Historiquement, une des premières incursions de la matière molle remonte pourtant au début du XIXe siècle et sa compréhension au début du XXe. Il s’agit du mouvement Brownien, cette agitation spontanée qu’observa Robert Brown sous son microscope alors qu’il dispersait des grains de pollen dans de l’eau. Voyant cette danse microscopique, Brown pensa initialement à une manifestation de la vie, à tort. Ce n’est qu’un siècle plus tard que Jean Perrin (2) démontra expérimentalement, sur la base d’une théorie de son ami Paul Langevin (3), que cette danse était une conséquence indirecte de l’aspect moléculaire de l’eau, chaque molécule du liquide venant frapper intempestivement sur les minuscules grains et leur conférant suffisamment d’impulsion pour bouger. L’expérience de Perrin est un tour de force remarquable qui repose sur le tri par taille de milliers de particules microscopiques, un exemple de discipline et de patience. En laissant sédimenter ces particules dans l’eau, Perrin finit par démontrer qu’il existe une énergie capable de «resuspendre» les particules, leur évitant ainsi de sombrer irrémédiablement vers le fond du récipient. Cette force provient de l’agitation thermique, un mouvement lié à la température que chaque molécule d’eau peut transmettre aux particules suspendues. Perrin démontrait au passage que les statistiques sont un moyen puissant de décrire le réel, au grand damne de la majorité des physiciens de l’époque convaincus que le déterminisme de Newton devait demeurer indétrônable.

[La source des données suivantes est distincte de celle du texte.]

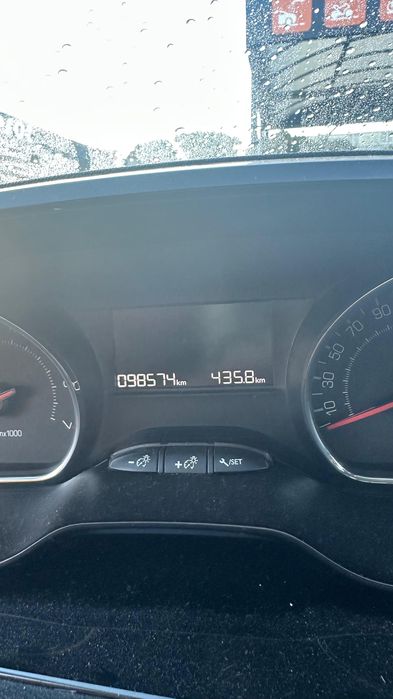 Peugeot 208 1.2VTI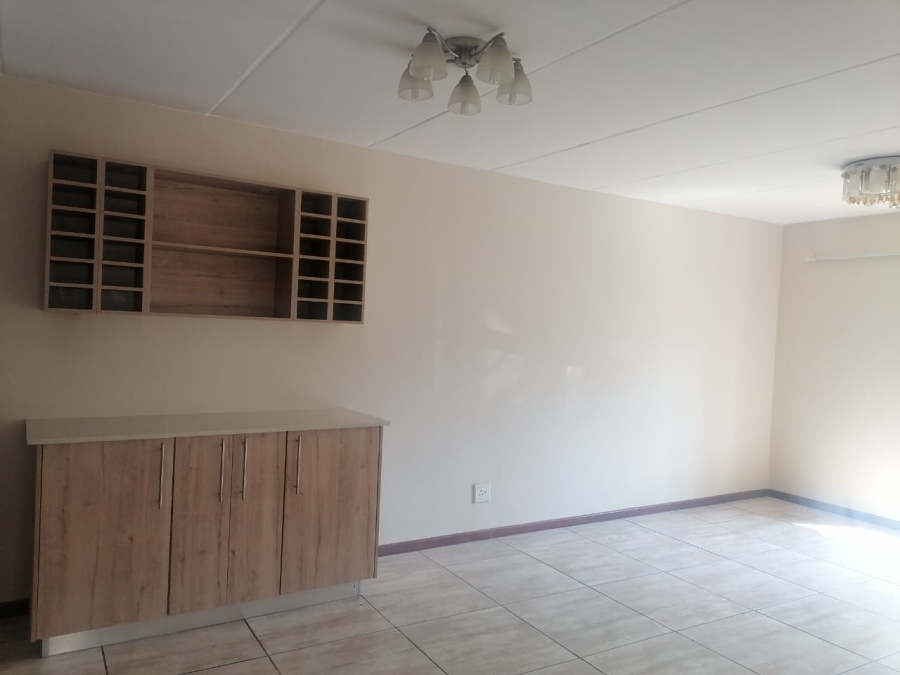 To Let 2 Bedroom Property for Rent in Noordwyk Gauteng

(1) Pierre-Gilles de Gennes (1932 - 2007) est un physicien français. Il a reçu le prix Nobel de physique en 1991 pour ses travaux sur les cristaux liquides et les polymères. (2) Jean Baptiste Perrin (1870 - 1942) est un physicien, chimiste et homme politique français. Il a reçu le prix Nobel de physique en 1926 pour ses travaux sur la discontinuité de la matière, et particulièrement pour sa découverte de l’équilibre de sédimentation.. (3) Paul Langevin (1872 - 1946) est un physicien français, connu notamment pour sa théorie du magnétisme et l’organisation des Congrès Solvay.